Most families turn to nursing homes or hospice to give the elderly care and attention they need, but a recent study put out Monday says one of every 700 United States nursing homes have been cited for some form of abuse abuse.
They found examples of residents being punched, choked or kicked by staff members or other residents. It is a shocking reality for thousands of older Americans, a trend that was first reported last year with the story of Helen Love. She was attacked by a certified nurse's assistant at a facility, who was angered she'd soiled herself.
Helen Love died days after her interview. Her assailant got a year in county jail and a inquiry found that other employees at the same facility had been convicted for abuse, which ought to have barred them from working in a nursing home or with the elderly.
283 nursing homes were cited for abuse violations, according to a review of state inspection records. These homes were cited for 9,000 abuse violations from January 2009 to January 2012.
The nursing home industry agrees on the necessity for stiffer background checks, but disagrees abuse is widespread.
"The congressman himself said the great majority of long-term care in our nation is excellent.
There are people every day that are working very hard to provide that care," said Charles H. Roadman II, president of the American Health Care Association (AHCA), a nursing home trade group that represents 12,000 nonprofit and for-profit centers and homes for the elderly and disabled.
Waxman is also introducing a plan that would need criminal background checks on nursing home staff and impose tougher standards on homes with violations.
Waxman, the top Democrat on the House Government Reform Committee, which oversees spending and other operations, said Congress ought to re-establish an abolished federal law that boosts nursing home spending. The Boren amendment would guarantee that the nation's 17,000 homes do a better job of screening, training and counseling their staff. Roughly 1.5 million seniors live in nursing homes.
"Recruiting, training and keeping frontline nursing staff are among the most important things they can do to make definite our patients continue to get quality expert nursing care," said Roadman.
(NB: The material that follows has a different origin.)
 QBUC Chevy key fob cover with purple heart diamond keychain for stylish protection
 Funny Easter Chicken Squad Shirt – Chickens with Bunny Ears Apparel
The AHCA supports a federal criminal background check process for potential employees.
But middle operators said abuse is not the norm in nursing homes and lots of staff members deserve praise.
"Our patients are like relatives, and incidents like those described here today are very rare," said Sharon Sellers, vice president of operations at Washington Home, with a 200-bed middle in the District of Columbia.
Bruce Rosenthal, spokesman for the American Association of Homes and Services for the Aging, said Congress ought to focus on the troubled centers, than generate cumbersome standards for all.
"We strongly think nursing homes that exhibit consistently poor performance ought to either clean up their act or be put out of business," said Rosenthal, whose group represents 5,600 not-for-profit homes and centers.
The reported abuses were physical, sexual and verbal.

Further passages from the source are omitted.